Le running : une pratique massive à géométrie variable
1La course à pied fait partie des activités physiques les plus prisées des Français. Selon le baromètre du running de la Fédération française d’athlétisme (FFA) développé par Sportlab, 12 millions de nos concitoyens en seraient des adeptes réguliers (au moins une fois par semaine) en 2016. Cette massification de la pratique répond à des motivations variées, entre recherche de la performance sportive, quête d’hédonisme ou encore réponse à une forme d’injonction consistant à bouger physiquement pour bien se porter. Toutefois, cette massification du running est loin d’être uniforme socialement, avec toujours une surreprésentation des pratiquants issus des classes supérieures, alors qu’à l’inverse les inégalités de genre s’atténuent.
2Cette pratique massive du running s’accompagne d’une multiplication des courses : 6 748 ont été organisées en 2018 sous l’égide de la FFA. C’est dire combien ces manifestations sportives innervent largement les territoires et témoignent de leur dynamique associative, puisque 90 % d’entre elles environ sont organisées par des associations sportives locales. Il n’est pas rare que cette animation territoriale comporte une dimension patrimoniale et touristique, lorsque le ou les parcours proposés sont l’occasion de découvrir ou de mettre en valeur les qualités paysagères et architecturales du territoire d’inscription de la course.
Le rôle de la ruralité principalement et de la latitude
3Si la sociologie des adeptes du running et leurs motivations à pratiquer cette activité ou à s’inscrire sur des épreuves longues (marathons ou ultra-trails) ont été étudiées, ainsi que les retombées économiques des grandes épreuves, les traits géographiques dessinés par cette répartition des courses à pied en France restent à explorer. Une base de données des épreuves organisées en France en 2017 a ainsi été créée, en explorant différents sites Web ayant vocation à faire connaître l’offre de courses.

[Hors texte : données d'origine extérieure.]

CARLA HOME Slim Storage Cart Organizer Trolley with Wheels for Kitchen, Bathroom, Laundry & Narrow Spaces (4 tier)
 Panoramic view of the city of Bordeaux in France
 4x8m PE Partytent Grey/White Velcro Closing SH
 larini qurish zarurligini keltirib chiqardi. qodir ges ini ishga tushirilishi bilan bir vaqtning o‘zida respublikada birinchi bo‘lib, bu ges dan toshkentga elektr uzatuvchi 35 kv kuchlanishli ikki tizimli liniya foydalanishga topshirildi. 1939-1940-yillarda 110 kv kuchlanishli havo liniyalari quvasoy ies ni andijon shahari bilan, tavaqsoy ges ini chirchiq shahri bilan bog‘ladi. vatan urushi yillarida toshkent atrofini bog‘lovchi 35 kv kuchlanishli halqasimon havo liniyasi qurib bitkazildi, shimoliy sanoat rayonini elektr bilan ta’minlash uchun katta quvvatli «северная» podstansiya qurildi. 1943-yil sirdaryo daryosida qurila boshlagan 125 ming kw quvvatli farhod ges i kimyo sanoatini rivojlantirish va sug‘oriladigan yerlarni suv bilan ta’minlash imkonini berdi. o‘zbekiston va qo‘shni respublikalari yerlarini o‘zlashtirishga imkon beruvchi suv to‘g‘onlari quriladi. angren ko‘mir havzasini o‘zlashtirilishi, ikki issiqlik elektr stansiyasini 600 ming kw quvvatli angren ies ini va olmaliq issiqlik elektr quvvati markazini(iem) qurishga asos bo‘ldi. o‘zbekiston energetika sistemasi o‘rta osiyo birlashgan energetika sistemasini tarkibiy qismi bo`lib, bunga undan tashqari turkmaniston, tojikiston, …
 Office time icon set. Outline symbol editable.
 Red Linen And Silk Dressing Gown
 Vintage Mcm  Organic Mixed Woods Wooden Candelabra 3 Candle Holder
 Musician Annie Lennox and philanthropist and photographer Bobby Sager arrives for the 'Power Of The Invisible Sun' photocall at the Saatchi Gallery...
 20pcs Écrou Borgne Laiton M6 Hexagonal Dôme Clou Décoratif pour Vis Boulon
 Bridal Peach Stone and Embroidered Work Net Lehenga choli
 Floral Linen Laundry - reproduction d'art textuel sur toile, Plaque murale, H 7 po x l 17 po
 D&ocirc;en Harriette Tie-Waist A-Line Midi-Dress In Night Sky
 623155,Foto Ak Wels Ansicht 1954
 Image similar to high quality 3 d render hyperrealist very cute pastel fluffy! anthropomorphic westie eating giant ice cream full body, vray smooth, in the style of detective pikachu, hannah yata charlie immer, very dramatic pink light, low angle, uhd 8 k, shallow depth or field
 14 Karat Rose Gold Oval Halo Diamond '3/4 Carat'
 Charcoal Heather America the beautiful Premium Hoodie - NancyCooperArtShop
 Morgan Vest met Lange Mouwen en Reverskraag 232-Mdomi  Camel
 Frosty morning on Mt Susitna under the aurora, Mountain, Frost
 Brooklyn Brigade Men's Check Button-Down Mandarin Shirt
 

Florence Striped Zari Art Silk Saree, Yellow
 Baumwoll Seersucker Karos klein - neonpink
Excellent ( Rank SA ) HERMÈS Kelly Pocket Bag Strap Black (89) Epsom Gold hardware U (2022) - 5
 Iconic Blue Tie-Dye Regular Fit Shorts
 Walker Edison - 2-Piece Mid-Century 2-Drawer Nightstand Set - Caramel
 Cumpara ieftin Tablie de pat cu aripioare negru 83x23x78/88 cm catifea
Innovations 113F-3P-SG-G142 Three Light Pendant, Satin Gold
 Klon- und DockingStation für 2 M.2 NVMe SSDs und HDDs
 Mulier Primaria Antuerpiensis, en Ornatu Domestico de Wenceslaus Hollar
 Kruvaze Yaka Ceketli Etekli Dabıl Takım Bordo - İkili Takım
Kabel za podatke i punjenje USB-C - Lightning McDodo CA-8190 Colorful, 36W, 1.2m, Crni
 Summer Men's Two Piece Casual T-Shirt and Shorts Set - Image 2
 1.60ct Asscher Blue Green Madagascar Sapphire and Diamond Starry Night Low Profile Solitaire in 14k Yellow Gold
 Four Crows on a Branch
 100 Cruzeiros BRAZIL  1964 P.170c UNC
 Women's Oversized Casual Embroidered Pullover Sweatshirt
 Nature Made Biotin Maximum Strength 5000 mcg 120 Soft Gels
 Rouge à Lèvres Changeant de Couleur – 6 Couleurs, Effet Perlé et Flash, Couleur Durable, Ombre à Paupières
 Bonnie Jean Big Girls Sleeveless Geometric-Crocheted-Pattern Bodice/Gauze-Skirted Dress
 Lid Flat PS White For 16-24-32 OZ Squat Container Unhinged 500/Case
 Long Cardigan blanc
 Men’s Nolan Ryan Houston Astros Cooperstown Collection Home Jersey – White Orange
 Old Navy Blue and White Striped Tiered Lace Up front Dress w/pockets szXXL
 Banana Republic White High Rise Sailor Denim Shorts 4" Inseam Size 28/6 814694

4Afin de mieux comprendre l’inégale répartition des courses à pied, un modèle de régression a été testé, cherchant à expliquer les variations spatiales de la densité d’épreuves, donc le nombre de courses pour 100 000 habitants à l’échelle des 96 départements français métropolitains. Cinq jeux de variables susceptibles de rendre compte de ces variations ont été introduits dans le modèle : des variables géographiques (position en latitude et longitude, distance au littoral, altitude moyenne, ensoleillement), de peuplement (population, densité, taux urbanisation ou de population rurale, nombre et taille moyenne des communes), touristiques (offre et fréquentation touristiques), sociodémographiques (groupes d’âge, catégories socioprofessionnelles, chômage, niveau de vie) et sportives (nombre de licenciés sportifs, nombre de licenciés et de clubs FFA).
5Les résultats de cette régression montrent que les départements les plus ruraux ont tendance à avoir une densité de courses à pied supérieure, en particulier ceux situés dans la moitié méridionale de l’hexagone (figures 1 et 2), ce qui n’est pas sans lien avec l’engouement pour les courses nature. 53 % de la variance, donc des inégalités géographiques de densité de courses à pied, est expliquée par ces deux variables (proportion de population rurale et latitude), la première expliquant à elle seule quasiment la moitié de la variance.
Figure 1 : Densité de courses à pied en 2017 (carte de gauche) et proportion de population vivant dans une commune rurale (carte de droite) à l’échelle des départements métropolitains français
Figure 2 : Relation entre la densité de courses à pied et la proportion de population vivant dans une commune rurale à l’échelle des départements français métropolitains en 2017
6Dans les 20 % de départements ayant la plus forte densité de courses à pied, la population se répartit à part égale entre l’urbain et le rural, alors que les 20 % ayant la plus faible densité sont très fortement urbanisés (86 %). Fort logiquement, les seconds sont cinq fois plus peuplés que les premiers (1,378 million habitants contre 0,289 million) : on y trouve à la fois les huit départements franciliens et, dans les onze autres départements, sept ont une métropole de plus de 400 000 habitants. En revanche, la présence d’une telle métropole est totalement absente dans le cinquième de départements ayant la plus forte densité de courses à pied.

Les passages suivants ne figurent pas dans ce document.